Problem requirements:
Only one span is wanted from the lines below: from the one with "Isuzu Giga FVM" up to and including the one with "Jaguar XE 2.0 D 180 CV autom. Ok catena". Copy it exactly, without images.

━━━ Supplied records

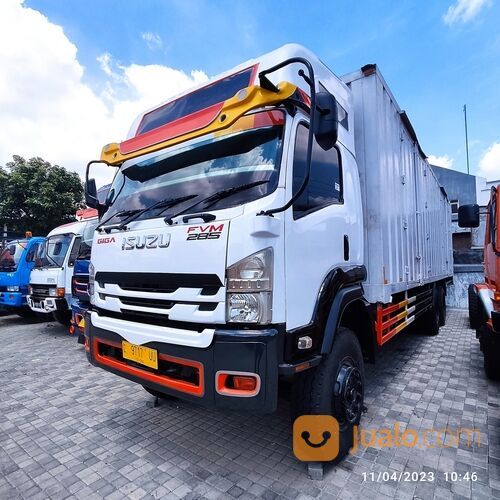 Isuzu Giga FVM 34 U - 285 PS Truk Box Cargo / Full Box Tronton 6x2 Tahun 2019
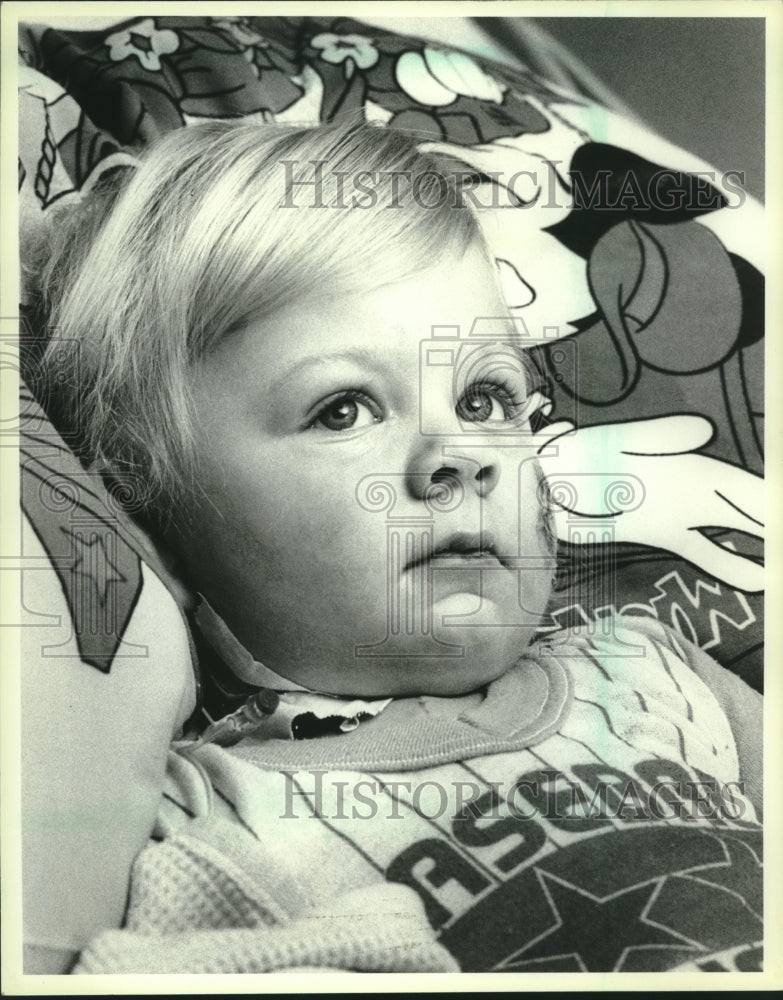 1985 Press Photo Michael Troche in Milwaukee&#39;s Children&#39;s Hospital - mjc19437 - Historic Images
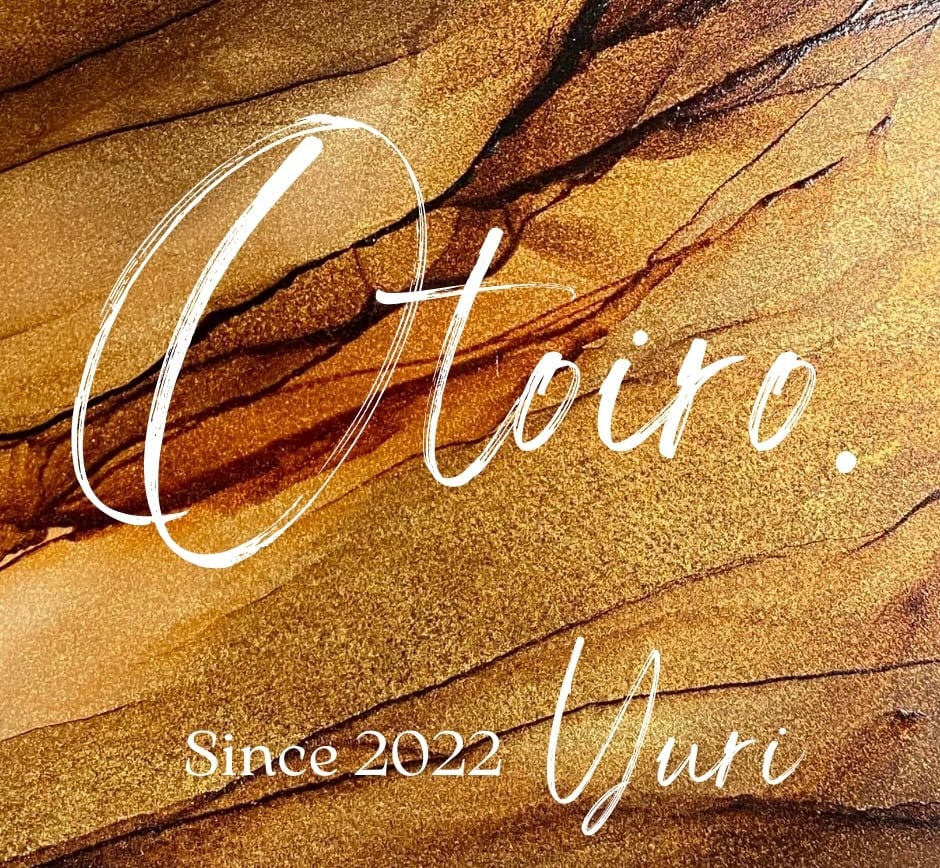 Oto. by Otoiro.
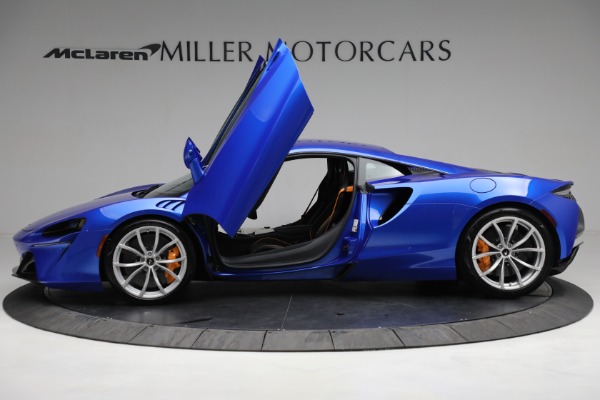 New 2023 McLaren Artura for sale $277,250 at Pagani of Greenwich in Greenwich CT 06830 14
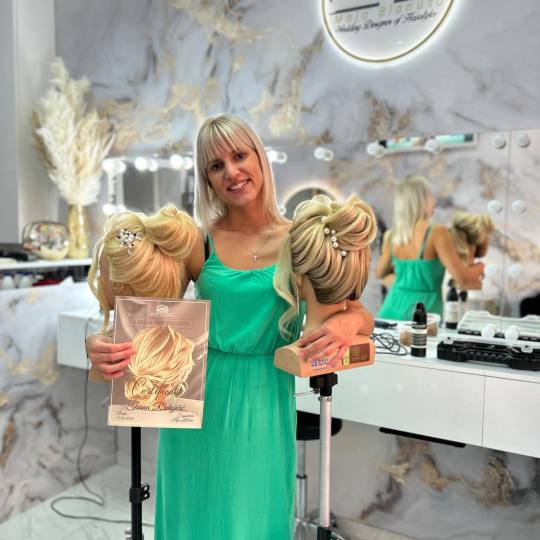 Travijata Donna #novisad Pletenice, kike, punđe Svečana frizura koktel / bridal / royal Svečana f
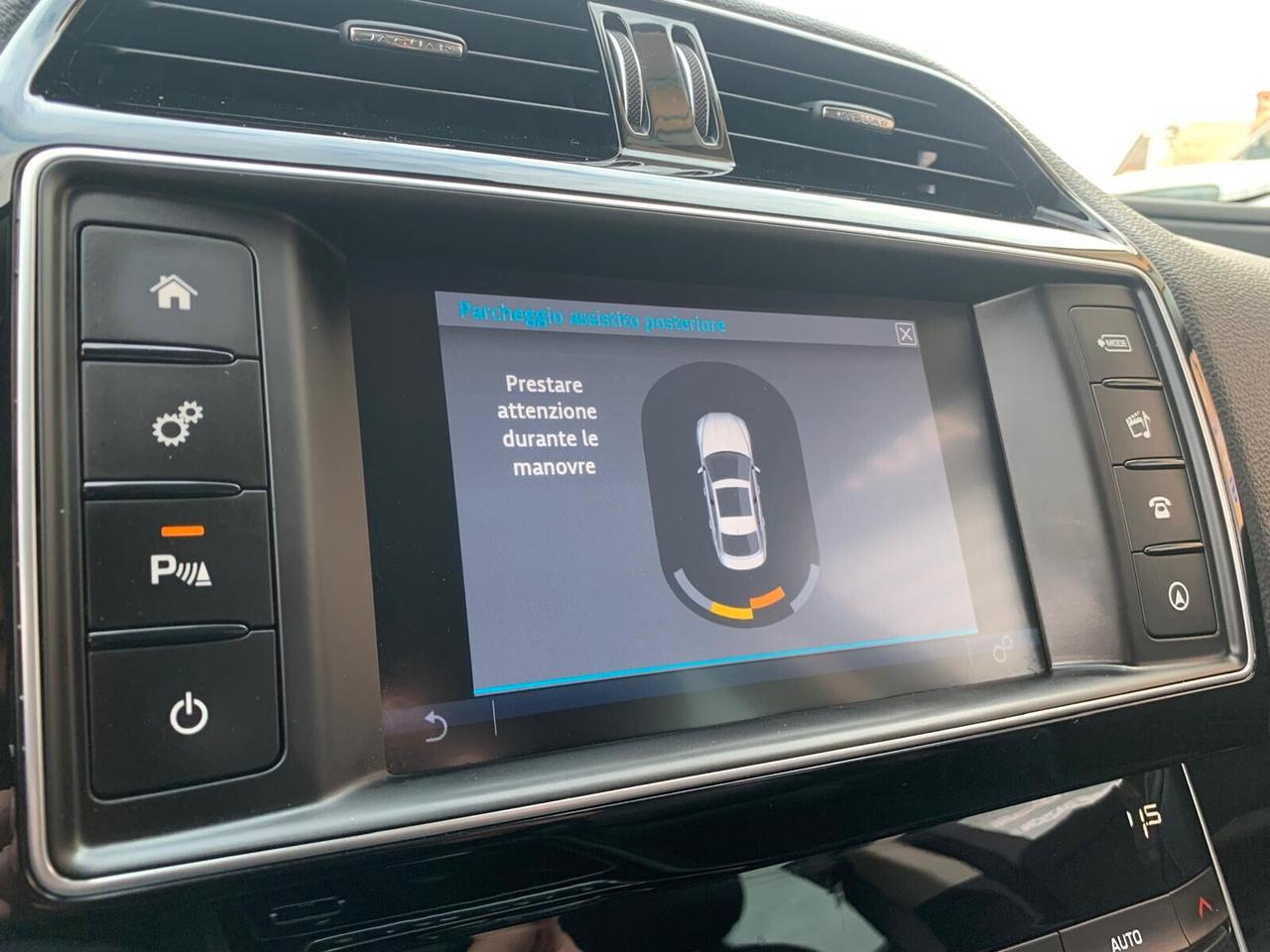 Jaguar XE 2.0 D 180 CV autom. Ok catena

━━━━━━
━━━ Supplied records

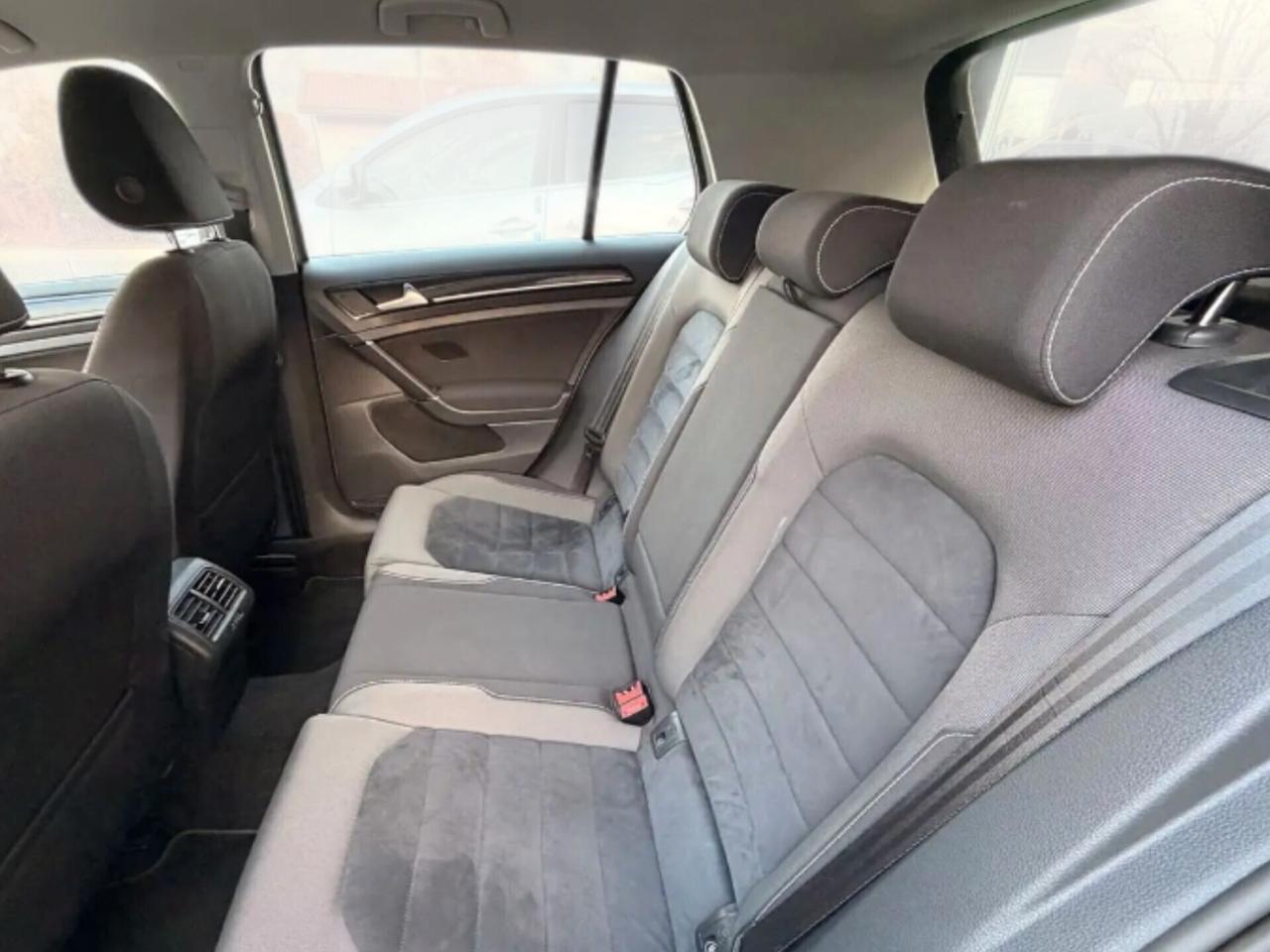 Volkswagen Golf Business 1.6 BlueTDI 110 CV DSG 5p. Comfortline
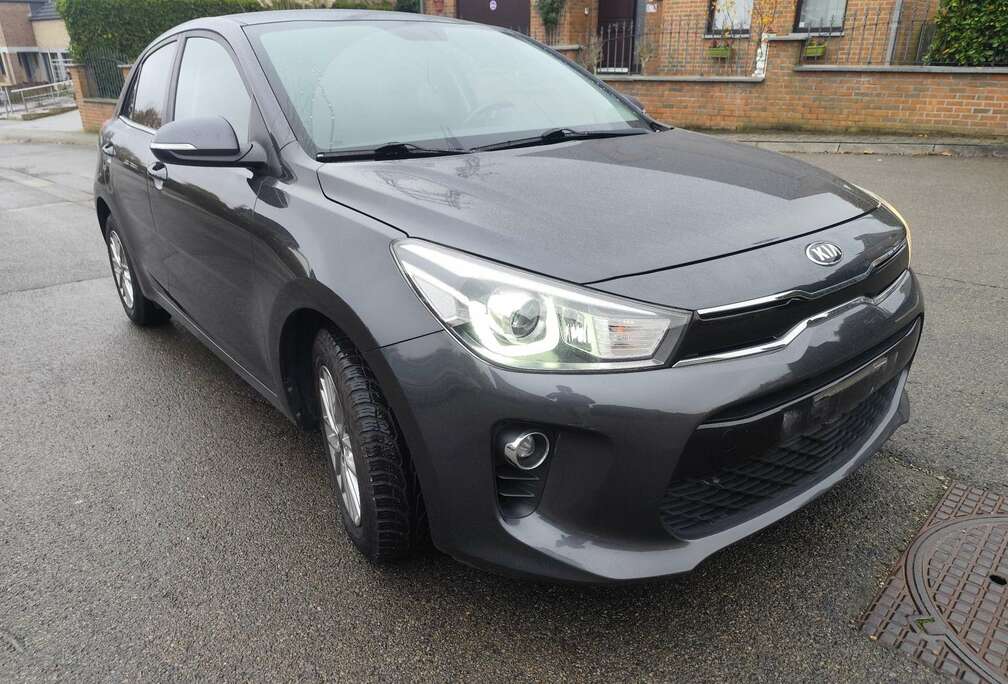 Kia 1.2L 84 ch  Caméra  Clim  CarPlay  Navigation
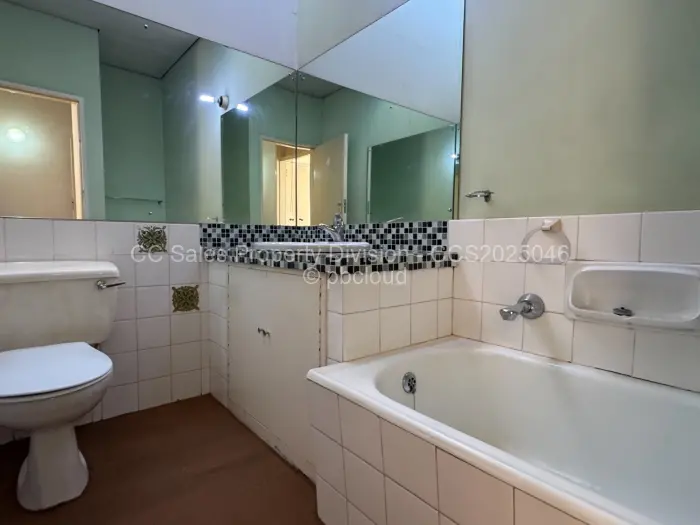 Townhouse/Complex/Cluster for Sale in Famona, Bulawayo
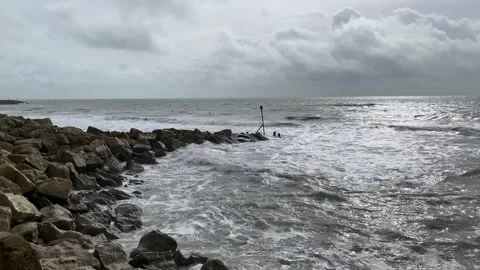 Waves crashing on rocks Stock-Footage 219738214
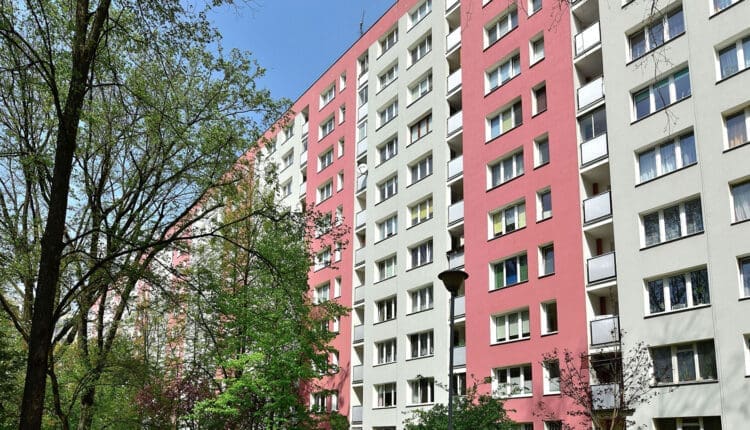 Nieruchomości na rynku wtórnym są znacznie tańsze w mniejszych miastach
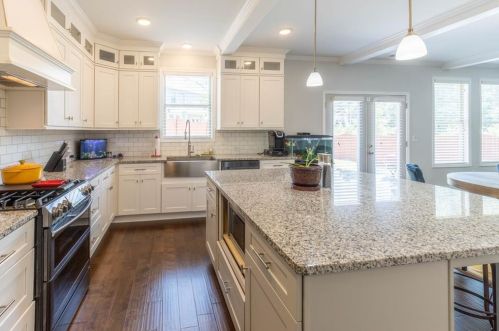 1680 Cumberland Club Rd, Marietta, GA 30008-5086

━━━━━━

Problem solution:
 Isuzu Giga FVM 34 U - 285 PS Truk Box Cargo / Full Box Tronton 6x2 Tahun 2019
 1985 Press Photo Michael Troche in Milwaukee&#39;s Children&#39;s Hospital - mjc19437 - Historic Images
 Oto. by Otoiro.
 New 2023 McLaren Artura for sale $277,250 at Pagani of Greenwich in Greenwich CT 06830 14
 Travijata Donna #novisad Pletenice, kike, punđe Svečana frizura koktel / bridal / royal Svečana f
 Jaguar XE 2.0 D 180 CV autom. Ok catena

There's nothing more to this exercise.